With this comes the ongoing debate surrounding homework - following seven or so hours of learning in school, just how beneficial is it to students? 

Speaking on High Noon, former headmaster and director of Godsil Education Arthur Godsil said the practice has to be changed.

"Homework should not be part of the time that takes place after school when children go home," he said. "There's plenty of time in the school day for that to happen."

Mr Godsil said teachers talk to much, and don't try to "push the learning down". However, he said teachers are still the best monitors when it comes to learning, not parents.

"Education is not just about learning the curriculum, it's about interacting with your peers, your siblings, you parents," he said. "That learning is as important sometimes.

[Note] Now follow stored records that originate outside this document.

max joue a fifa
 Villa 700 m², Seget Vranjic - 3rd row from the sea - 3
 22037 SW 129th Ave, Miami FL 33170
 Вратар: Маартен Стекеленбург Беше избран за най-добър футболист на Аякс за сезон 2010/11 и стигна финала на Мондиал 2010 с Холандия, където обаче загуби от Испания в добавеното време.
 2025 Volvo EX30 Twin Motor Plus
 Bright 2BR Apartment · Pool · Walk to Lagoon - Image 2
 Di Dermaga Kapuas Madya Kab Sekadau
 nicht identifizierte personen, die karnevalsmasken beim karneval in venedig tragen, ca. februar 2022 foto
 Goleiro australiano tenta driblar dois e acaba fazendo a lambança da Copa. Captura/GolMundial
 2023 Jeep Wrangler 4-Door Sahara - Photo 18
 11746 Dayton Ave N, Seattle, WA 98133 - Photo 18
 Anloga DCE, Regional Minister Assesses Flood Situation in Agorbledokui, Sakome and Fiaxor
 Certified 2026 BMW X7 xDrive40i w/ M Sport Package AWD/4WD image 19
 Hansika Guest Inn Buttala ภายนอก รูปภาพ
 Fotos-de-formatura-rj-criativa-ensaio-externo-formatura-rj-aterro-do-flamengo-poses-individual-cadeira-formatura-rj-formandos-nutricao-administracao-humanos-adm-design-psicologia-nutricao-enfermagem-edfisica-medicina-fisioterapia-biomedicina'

"Children nowadays are time poor. Why would you ask a child having done seven hours work in a school to come home and do three hours on top of that?"

Mr Godsil also criticised the Leaving Certificate examination process, calling it "deeply flawed".

He also cited the Finnish and Japanese approach to homework, with both countries giving students little to no homework.

"It causes so many problems because it's not set correctly in the vast majority of cases. Inquiry-based exponential learning is what really sets people up for the future."

'Idealistic'

Bernie Sheridan. guidance counselor at Mercy College Sligo and founder of Student Quote, said the concept of giving children no homework is "idealistic".

"The reality is the system is the way that it is at the moment," she said. "If they don't have homework, they will not have the maturity to do the study that's required.

"I'm not saying the schooling system is right or that it's the only way to learn, but let's face it - the Leaving Cert is the essential platform from which we jump on to the other aspects of our life."

Ms Sheridan continued by saying the examination system in place means some structured homework for students, within reason, is necessary. 

According to Ms Sheridan, what needs to change is the curriculum, saying students looking to achieve high points have told her that homework is key for getting them.

"If we're going to change it, it has to involve the teachers. They have to be sold on it, the students have to be sold on it, the parents have to be sold on it."